Block Party Kickstarter Recap

This post is well overdo and I’ve been away from the blog for a while. Better late than never.

The Kickstarter was a wild ride. We raised over $22,000 in 40 days and almost 500 people backed the project, most of whom we didn’t know! While I could go into what we did for publicity (cross-campaign promotion is great), the practices we learned (more frequent updates are apparently expected, though I usually think an email more than once a week is spam), or what we could have been doing more of (it worked really well in a classroom setting), I’m instead going to talk a bit about the emotional aspect of running a Kickstarter, at least for us.

Anyone who has done or is planning to do a Kickstarter has likely heard about the slow middle. In short, expect the middle section of your campaign to be crawling, where you have to actively be shouting about what you’re doing for anyone to hear or care. Well, we got into the beginning of our second week, experienced some cross-promotion (thanks, Primo aka Prime Climb!) and had our second biggest day of funding to that point after the launch day (several thousand in a day). Slow middle? Yeah right! We were rocking it!
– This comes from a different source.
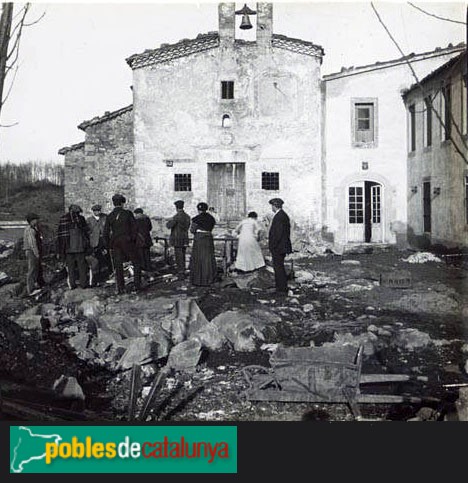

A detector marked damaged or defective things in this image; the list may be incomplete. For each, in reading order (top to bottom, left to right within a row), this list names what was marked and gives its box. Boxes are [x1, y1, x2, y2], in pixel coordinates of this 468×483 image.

And this is how the rollercoaster goes. After that wave of hype fizzled, we  were dead in the water. A couple backers a day, a few days we might have had nothing, and after that insane day it felt awful. My guess? Expectation. Watching the money just pour in the door is one of the most surreal feelings I’ve had. Replying to backers with thank-yous as they came in amidst fits of smiling and wide-eyed surprise/lack of ability to respond emotionally to what was happening, that really big and successful day was pretty draining (read: I was not prepared for it). It was also insanely gratifying and uplifting and validating. But three days later I had come down from the high, was experiencing the tiniest amount of traffic, and wondering if we’d fund at all (of course, as the money rolled in we were jumping up and down talking about how we’d fund next week).
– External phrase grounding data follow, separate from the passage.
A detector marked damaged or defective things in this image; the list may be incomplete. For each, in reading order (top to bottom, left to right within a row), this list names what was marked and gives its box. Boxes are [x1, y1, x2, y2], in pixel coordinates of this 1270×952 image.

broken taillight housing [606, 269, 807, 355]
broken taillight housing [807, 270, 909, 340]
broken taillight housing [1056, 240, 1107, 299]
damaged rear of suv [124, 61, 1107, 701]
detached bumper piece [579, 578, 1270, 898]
Ours was only a moderate case. We did not get millions of viewers (or even tens of thousands) but I can only imagine what that must be like.

The lesson learned? Take each day as it comes, try not to set expectations except when they’re useful for making decisions, and don’t get too attached to what’s happening today because it most likely won’t last. Keep to the work and make better things because you love doing it.

Pixel Blocks

Back in the early days of Block Party, Ben took a bunch of the small cubes we’d acquired to turn into minis and painted them single colors, calling them pixel blocks. Being me, obsessed with only the thing at hand (Block Party) and unwilling to dedicate cycles to think about things not directly relating to it, I dismissed pixel blocks as something Ben’s artistic side fancied and not much more (bad job at input, past self!).
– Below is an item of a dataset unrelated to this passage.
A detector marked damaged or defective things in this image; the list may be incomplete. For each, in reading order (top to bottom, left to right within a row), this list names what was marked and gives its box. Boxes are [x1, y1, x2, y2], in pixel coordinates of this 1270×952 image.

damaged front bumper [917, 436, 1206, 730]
Yesterday I began thinking of games that could be played with less information than complete block party glyphs, and possibly result in an easier manufacturing process as well. Attached are pictures of the first prototype which features 28 cubes and 3 colors where each cube has a unique distribution of colors (and this is all of the distributions over 3 colors and 6 faces–check the math for yourself!).  Not entirely sure about gameplay yet since 28 cubes is a little small and 3 colors is really minimal on information, but there are no doubt some fun solitaire puzzles with these pieces. The set with 4 colors might be more interesting, though iirc it requires 84 cubes to be complete, and I didn’t feel like painting that many by hand. Perhaps another day.

Moral of this story? Listen to your partner and take time to have thoughts that are outside of the narrow box that might be your primary line of inquiry.

image image image

A First Look: Unity and Shaders

I’ve been hearing about Unity for some time and I figured I’d finally check it out. The big takeaway from today: it is a monstrous piece of software and I have a lot to learn. It’s really powerful though, so that’s neat.

I also decided to take my first dip into shaders given that unity makes it really easy to bind shaders to objects. So I read through a tutorial and looked at the math here to produce the following images (they’re animated as in the link above). These are all being done in a shader which is running on the gpu.

Screen Shot 2014-02-19 at 5.18.29 PM Screen Shot 2014-02-19 at 5.32.54 PM Screen Shot 2014-02-19 at 5.35.03 PM Screen Shot 2014-02-19 at 5.38.48 PMScreen Shot 2014-02-19 at 6.16.38 PM Screen Shot 2014-02-19 at 6.22.21 PM

 

For those interested in the shader, the short version (image 1 above) is below. It could probably be optimized a bit.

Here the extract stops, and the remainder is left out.